Every line from the start of the data through the line containing "بوفه ویترین چوب" should be retyped exactly; the pictures should not.
##### Information supplied #####
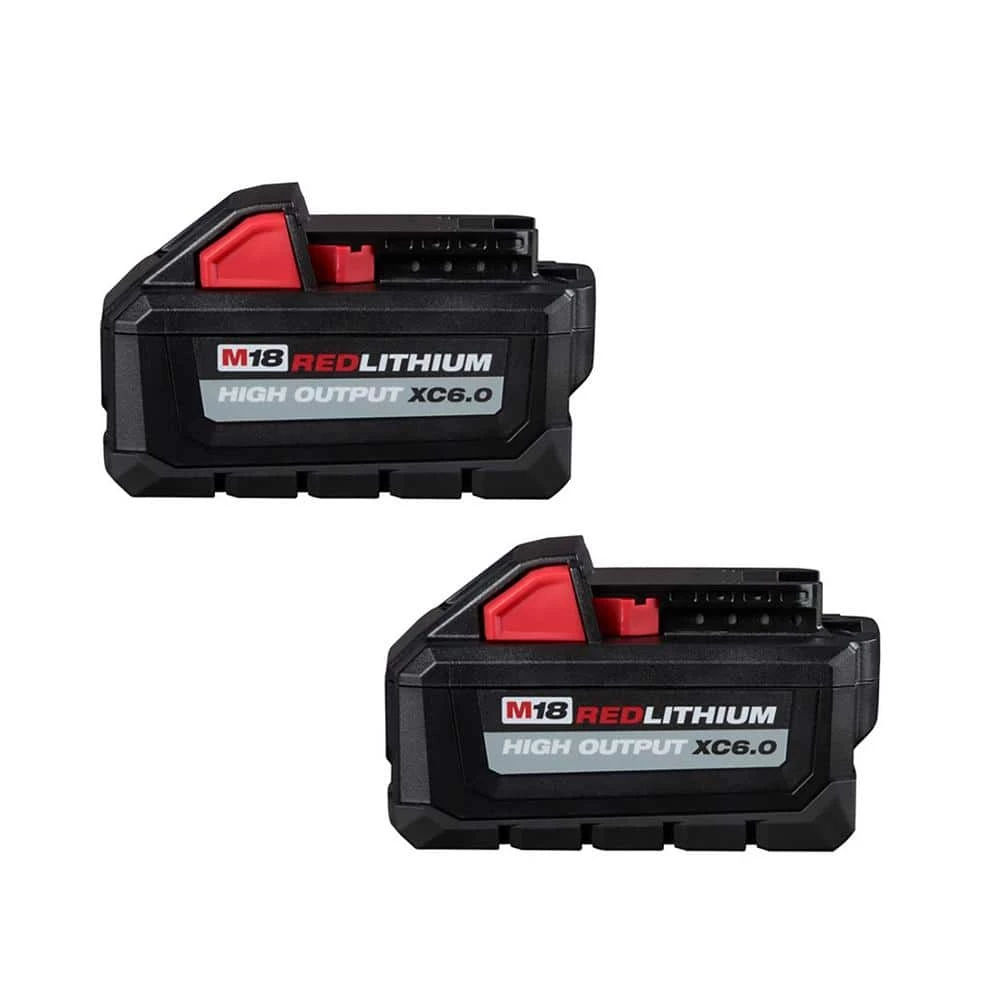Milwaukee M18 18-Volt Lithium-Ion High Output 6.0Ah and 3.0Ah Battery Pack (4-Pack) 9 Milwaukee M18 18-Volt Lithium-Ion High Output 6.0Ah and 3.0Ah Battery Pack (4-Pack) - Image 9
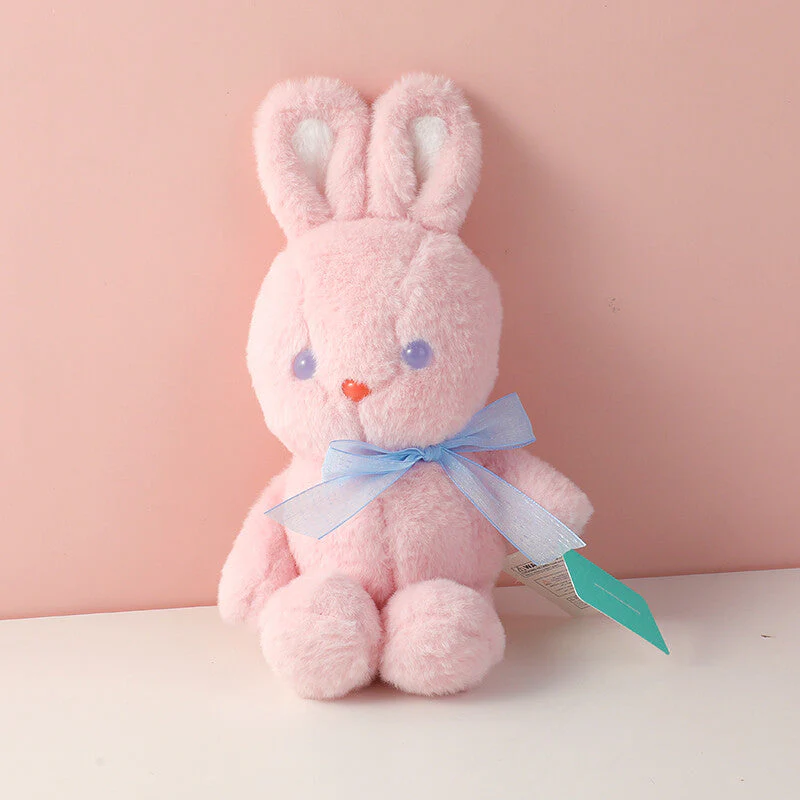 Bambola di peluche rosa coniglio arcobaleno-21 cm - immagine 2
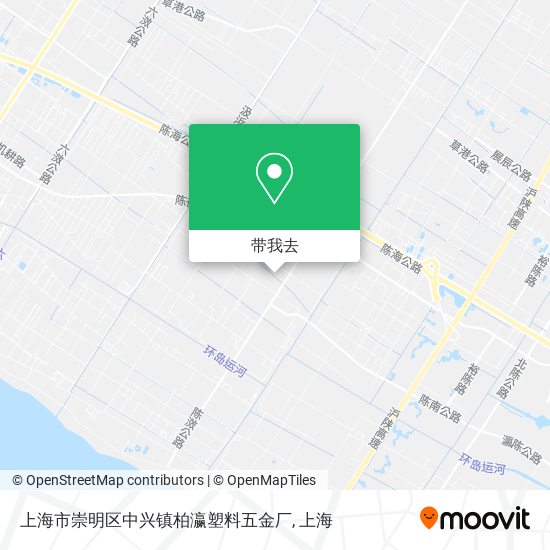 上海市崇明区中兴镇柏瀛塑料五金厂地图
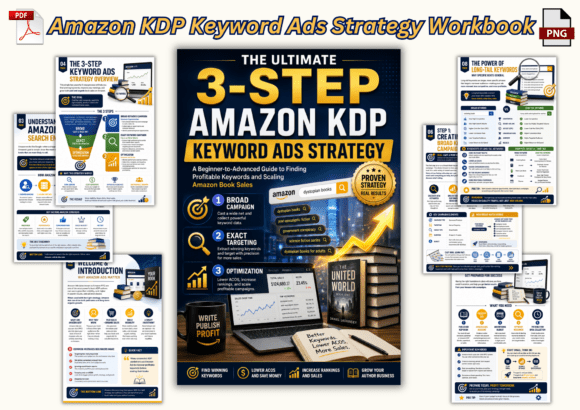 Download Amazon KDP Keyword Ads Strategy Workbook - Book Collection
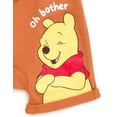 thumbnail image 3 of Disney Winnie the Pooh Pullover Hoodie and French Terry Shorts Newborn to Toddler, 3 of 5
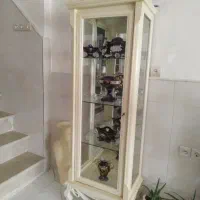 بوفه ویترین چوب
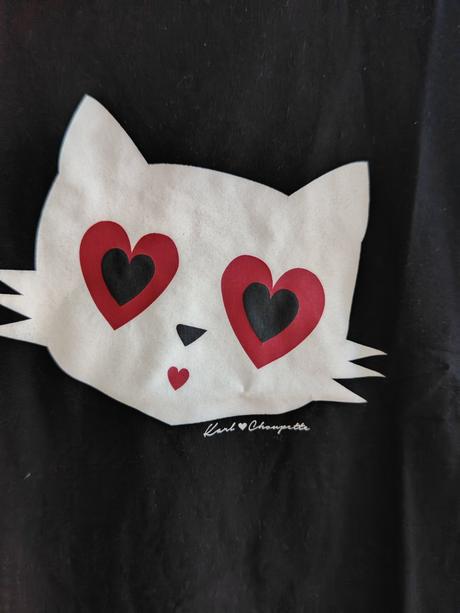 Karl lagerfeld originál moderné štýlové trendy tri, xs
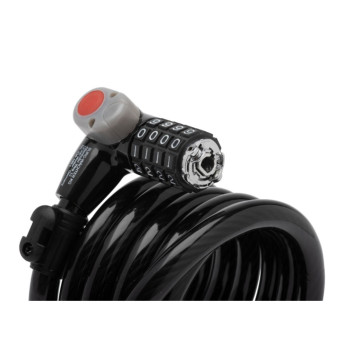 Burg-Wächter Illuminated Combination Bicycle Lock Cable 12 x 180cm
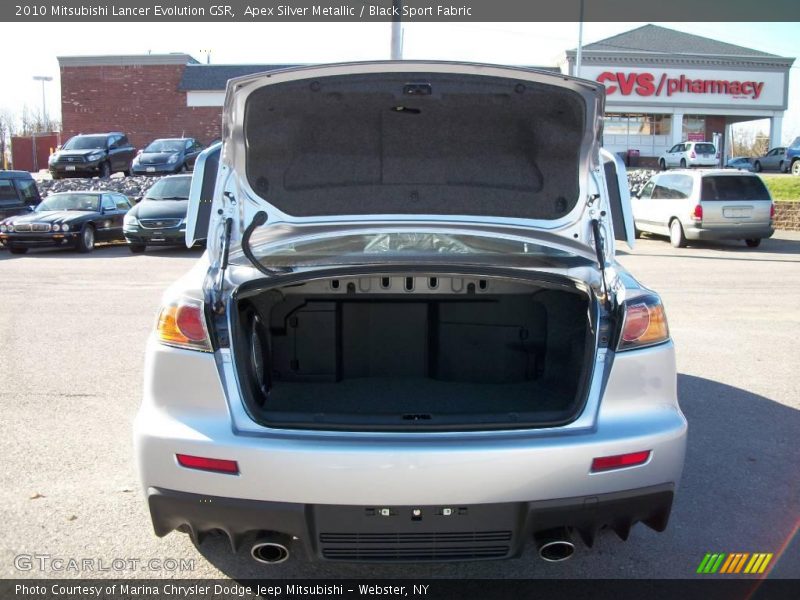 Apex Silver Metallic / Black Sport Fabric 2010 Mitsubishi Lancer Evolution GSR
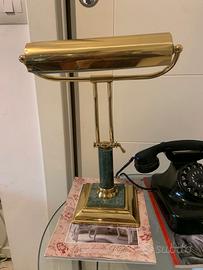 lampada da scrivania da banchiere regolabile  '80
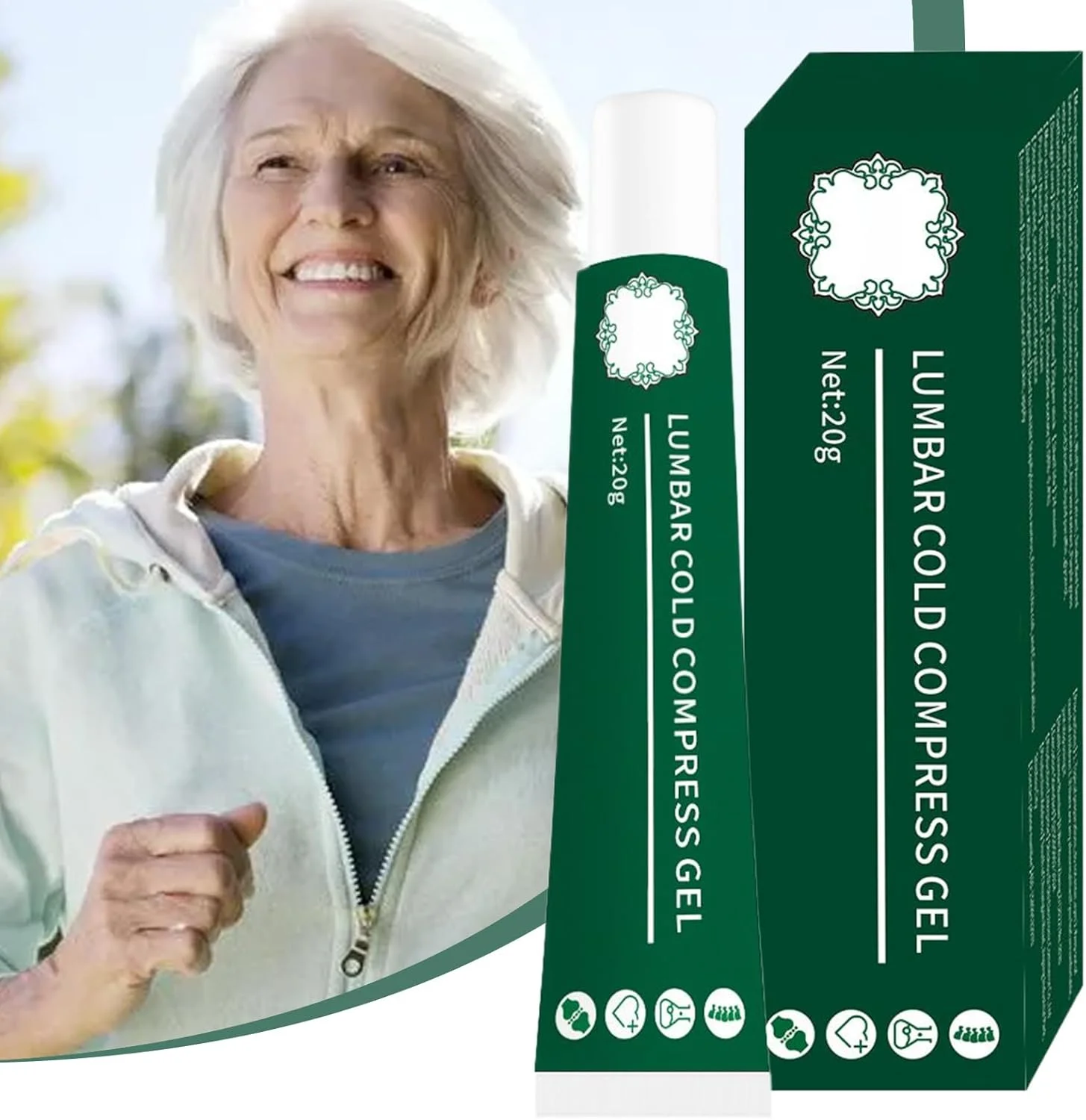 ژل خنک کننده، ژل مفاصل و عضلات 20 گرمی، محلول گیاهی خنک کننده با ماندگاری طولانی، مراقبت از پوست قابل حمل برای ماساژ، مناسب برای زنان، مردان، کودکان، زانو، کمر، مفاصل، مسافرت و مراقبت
#####
■ Answer section ■
Milwaukee M18 18-Volt Lithium-Ion High Output 6.0Ah and 3.0Ah Battery Pack (4-Pack) 9 Milwaukee M18 18-Volt Lithium-Ion High Output 6.0Ah and 3.0Ah Battery Pack (4-Pack) - Image 9
 Bambola di peluche rosa coniglio arcobaleno-21 cm - immagine 2
 上海市崇明区中兴镇柏瀛塑料五金厂地图
 Download Amazon KDP Keyword Ads Strategy Workbook - Book Collection
 thumbnail image 3 of Disney Winnie the Pooh Pullover Hoodie and French Terry Shorts Newborn to Toddler, 3 of 5
 بوفه ویترین چوب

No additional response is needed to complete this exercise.